• **PROBLEM REQUIREMENTS**
Omit all pictures. Quote the lines from the one with "Apartments Sol Soline" through the end of the listing below, exactly as they appear.

START GIVEN DATA

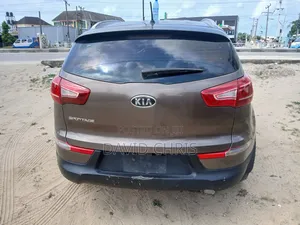 Kia Sportage EX 4dr SUV AWD (2.4L 4cyl 6A) 2012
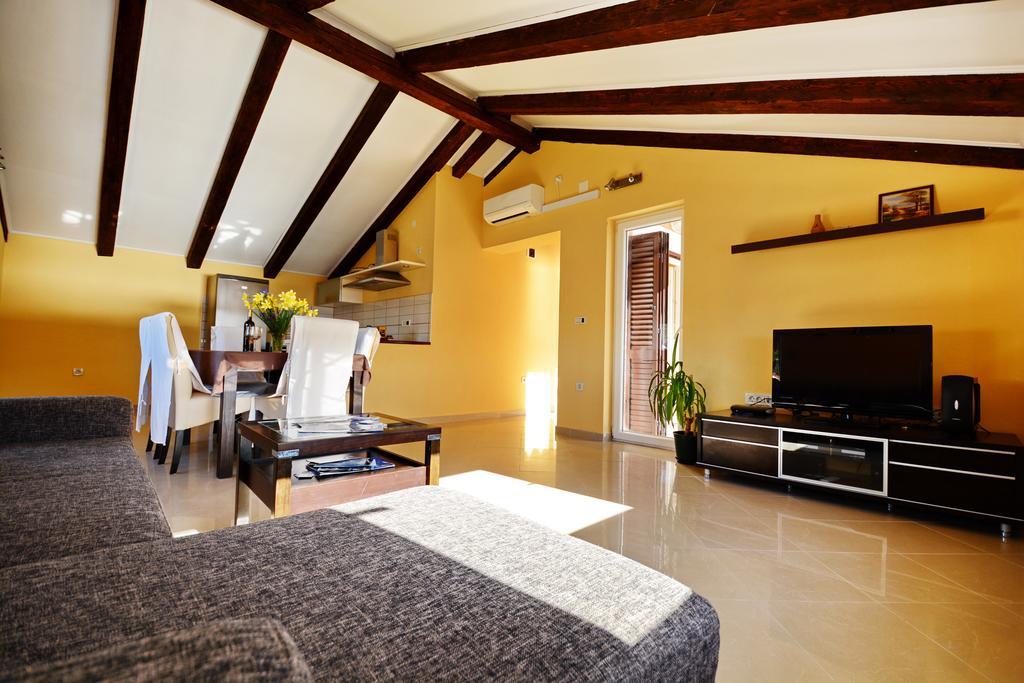 Apartments Sol Soline  Bagian luar foto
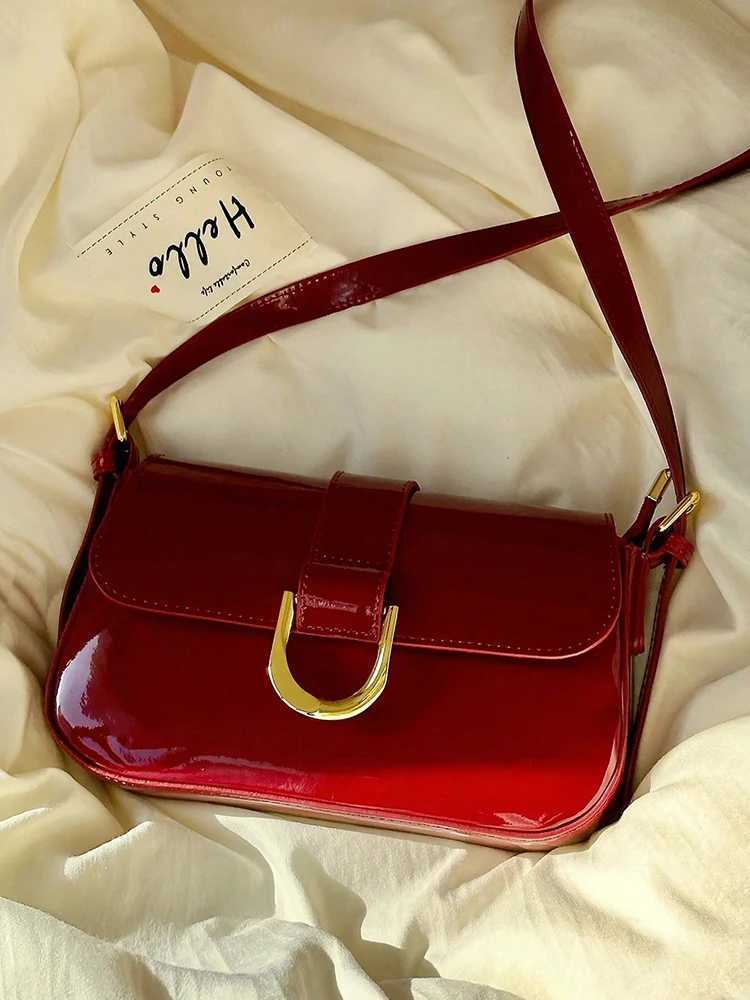 2025 new retro wine red road buckle crossbody bag shoulder bag armpit bag fashionable casual womens daily commuting womens bag Z250928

END GIVEN DATA

• **SOLUTION TO THE EXERCISE**
 Apartments Sol Soline  Bagian luar foto
 2025 new retro wine red road buckle crossbody bag shoulder bag armpit bag fashionable casual womens daily commuting womens bag Z250928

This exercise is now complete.